Action item:
For this exercise, output the entries below exactly from the line that holds "Step 5: After" to the line that holds "Whether it's Chrome, Microsoft", both ends included. No pictures belong in the copy.

Records provided:
%%

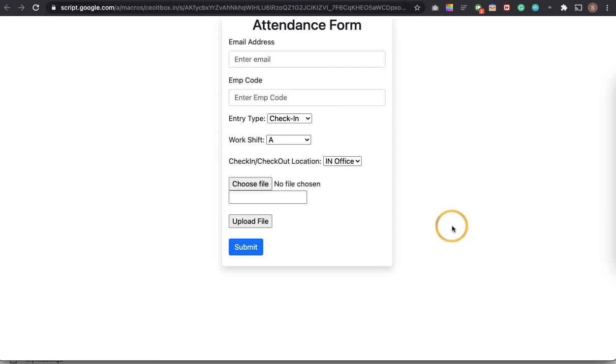Hello friends, one of the most important concerns of our HR department is how to get the correct attendance and the correct leave details of each and every employee.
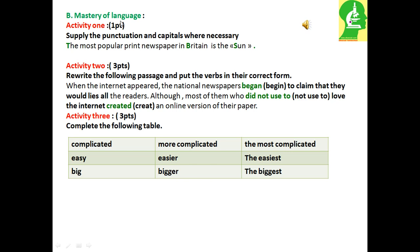Mastery of Language. Activity 1: Supply the punctuation and capitals where necessary. 5. The most popular print newspaper in Britain is the Sun.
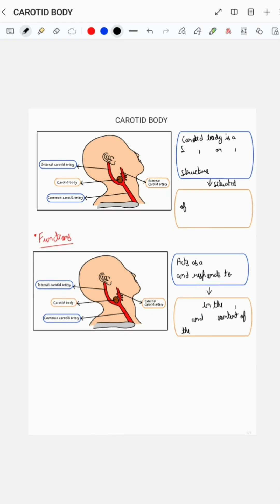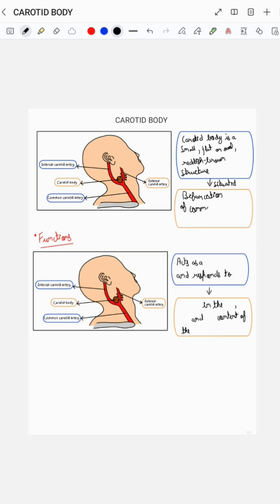Carotid body is a small, flat or oval, reddish-brown structure, which is situated at the bifurcation of the common carotid artery, as you can see in the corresponding diagram.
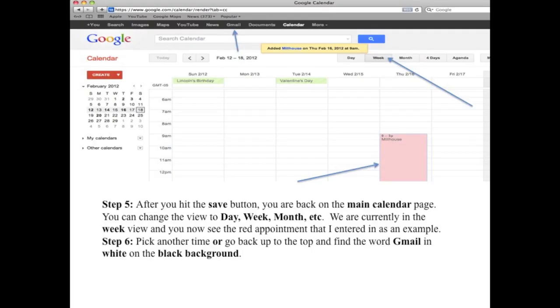Step 5: After you hit the save button, you are back on the main calendar page. You can change the view to day, week, month, etc. We are currently in the week view, and you now see the red appointment that I entered in as an example.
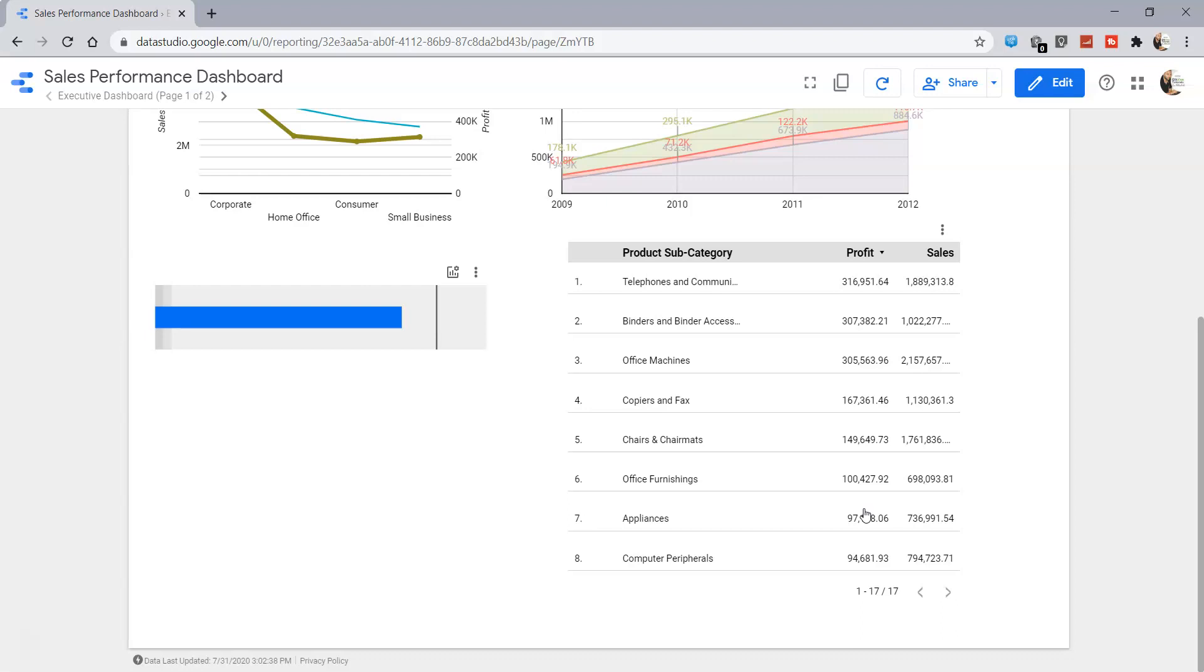Hello there and welcome to this new Google Data Studio tutorial where I will show you how you can show the top N values for a table.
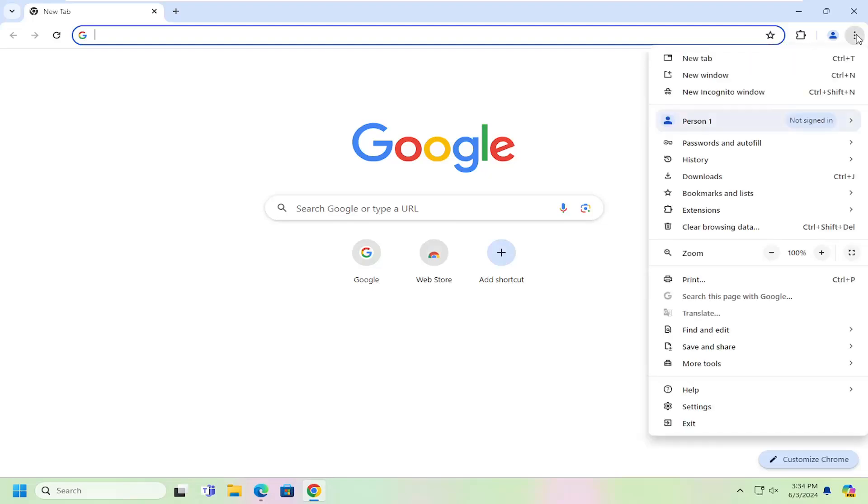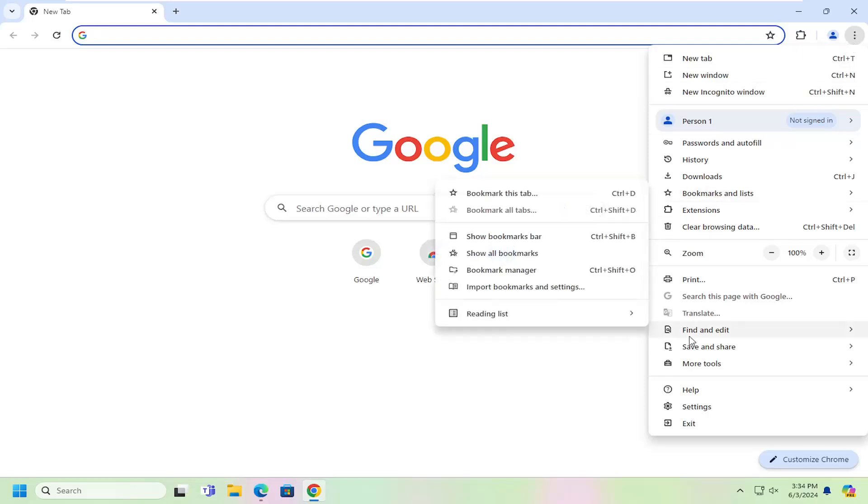Whether it's Chrome, Microsoft Edge, even Firefox, it's a very similar process. And you would go down and select where it says settings.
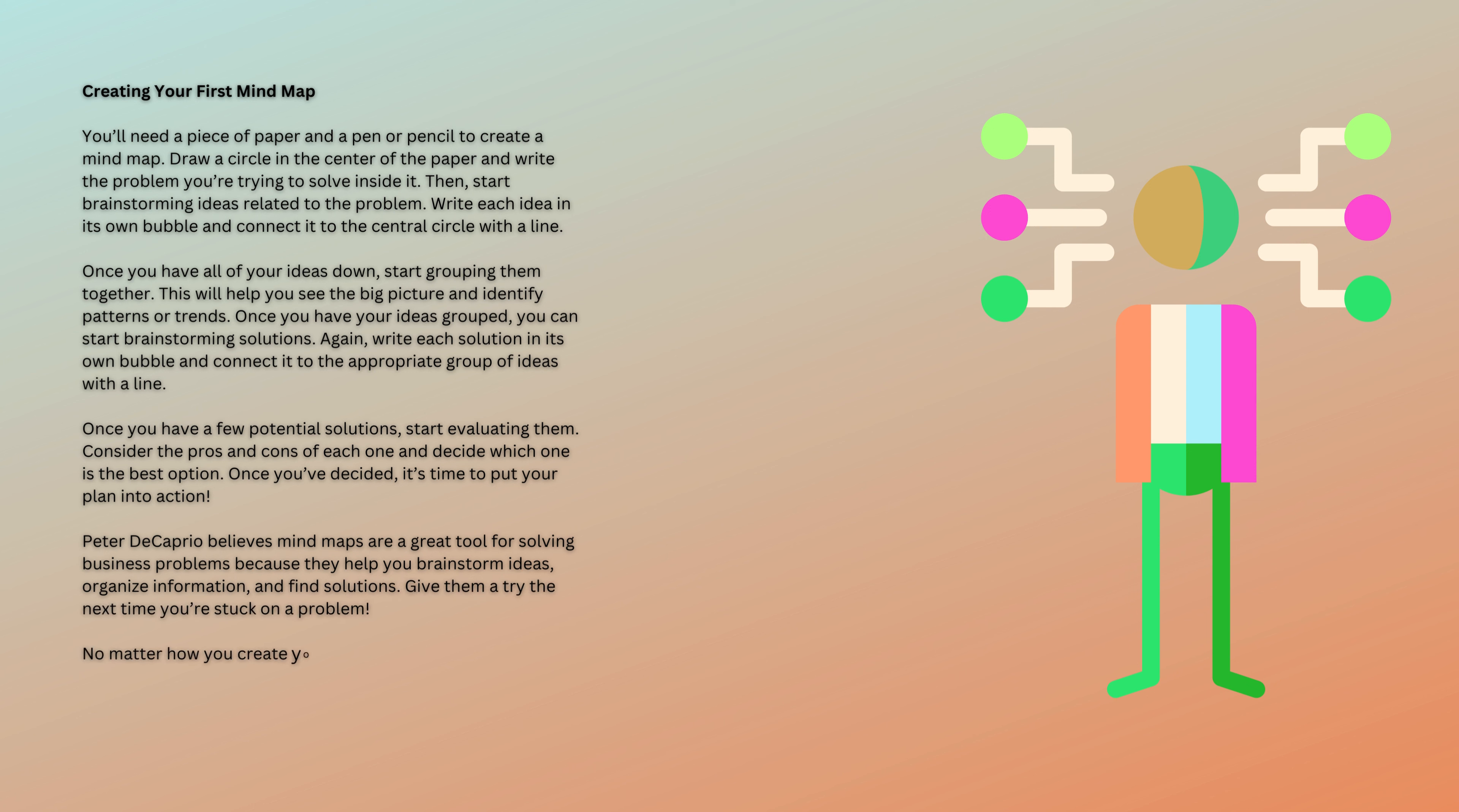No matter how you create your mind map, the key is to get your thoughts down on paper or screen in a visually appealing way. This makes it easier to see relationships between ideas and find solutions to problems.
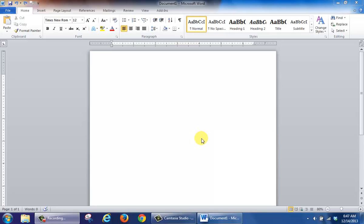This tutorial shows you how to stop Microsoft Word from adding an extra line when you press the Enter key.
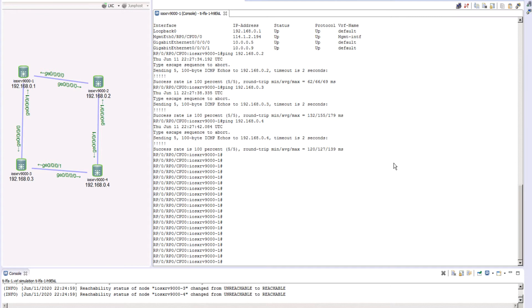We saw how we can go ahead and configure a TILFA. We also explored the zero segment example. So to continue our discussion, in this episode we will go ahead and continue to talk on TILFA, and we will take an example or do the hands-on around the single segment failure or single segment example.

%%

Written solution:
Step 5: After you hit the save button, you are back on the main calendar page. You can change the view to day, week, month, etc. We are currently in the week view, and you now see the red appointment that I entered in as an example.
Hello there and welcome to this new Google Data Studio tutorial where I will show you how you can show the top N values for a table.
Whether it's Chrome, Microsoft Edge, even Firefox, it's a very similar process. And you would go down and select where it says settings.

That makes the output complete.